Como uma dessas práticas culturais difundidas mundialmente, o hip-hop é um fenômeno cultural que engloba estéticas artísticas, como o break ou street dance (dança de rua),2 o grafite (pintura aerográfica), o DJ (como produção musical) e o rap3 (como a combinação de ritmo e poesia cantada). De fato, cabe ressaltar que essas diferentes manifestações estéticas foram difundidas de modo heterogêneo, e o rap foi o mais difundido como cultura popular de uma juventude globalizada. O hip-hop, desde sua origem, tem sido associado a uma arte voltada para segmentos excluídos no espaço urbano, como jovens imigrantes, negros, mulheres, entre outros.
Paul Gilroy (2001), intelectual negro britânico, se remete à categoria diáspora como uma proposta para os estudos culturais. Objetiva explicar a formação de uma cultura vernacular do Atlântico Negro. Em sua obra, o autor analisa o estabelecimento de mecanismos de distinção cultural adaptado às novas circunstâncias do Reino Unido, manifestações que atuam em separado e, ao mesmo tempo, em convergência. O autor atesta que o povo negro se recria, enquanto grupo conglomerado, ao reinventar sua própria etnia. A retórica do poder negro foi desvinculada de seus marcadores étnicos e, diante de sua condição de explorado, passa à redefinição de seus projetos sociais frente a suas necessidades locais e políticas, a suas histórias de lutas.

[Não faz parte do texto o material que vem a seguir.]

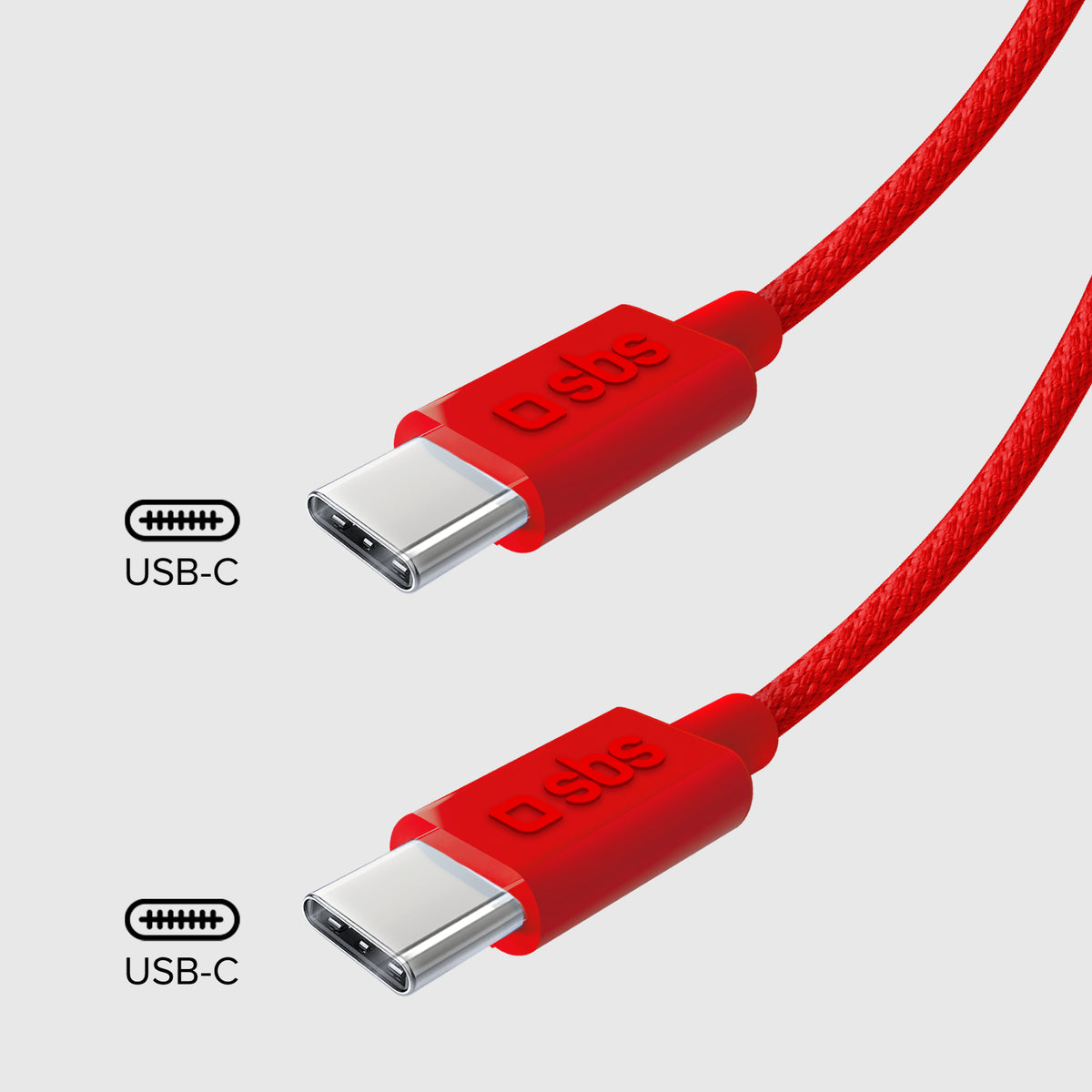 Cavo USB-C - USB-C in tessuto con fermacavo, 1.5 metri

O povo negro estabeleceu novas linguagens políticas de cidadania voltadas para a justiça racial e a igualdade. Essas linguagens ultrapassaram a esfera da tradicional luta pelo trabalho e passaram também a se articular através do lazer. A diáspora permitiu a "transferência" de formas culturais e estruturas de sentimentos. Dessa mesma história se originará o hip-hop e suas respectivas manifestações.
Contudo, segundo a discussão que associa a diáspora do Atlântico Negro de Gilroy (2001) com a formação do hip-hop, praticamente não se consideraram aspectos espaço-temporais presentes numa configuração geracional (Weller, 2010: 20). Além disso, o Atlântico Negro do autor se refere basicamente a experiências do Atlântico do hemisfério norte, algo que desconsidera outras especificidades do processo diaspórico colonial sul-americana na formação de uma população afrolatina.
Em outros termos, isso significa que jovens negros afrolatinos, como os do Brasil, em função de outros movimentos migratórios e acesso a bens culturais simbólicos, como o hip-hop e o rap norte-americano, estabelecerão outros elementos constituidores de uma identidade geracional em torno do hip-hop nas grandes metrópoles brasileiras. Portanto, a formação de geração jovem em torno do hip-hop não ocorre simplesmente num processo de assimilação de novos valores numa perspectiva de centro e periferia. O hip-hop produzido de modo diverso sofrerá influência em sua composição, inclusive pela combinação de elementos musicais advindos de outros estilos musicais já existentes e consumidos pelos jovens (Sansone, 2004: 169).
O sentido atribuído à modernidade - como apreciação da racionalidade técnica de valores universais eurocêntricos - influenciou através de um sistema mundial toda cultura existente através da colonialidade (Quijano, 2000). Dito de outra forma, esse projeto monolítico de modernidade ocidental imprimiu valores que se relacionam às outras culturas e demais povos a partir de uma posição de superioridade incapaz de perceber através de cosmologias e epistemologias de um mundo não ocidental (Grosfoguel, 2007).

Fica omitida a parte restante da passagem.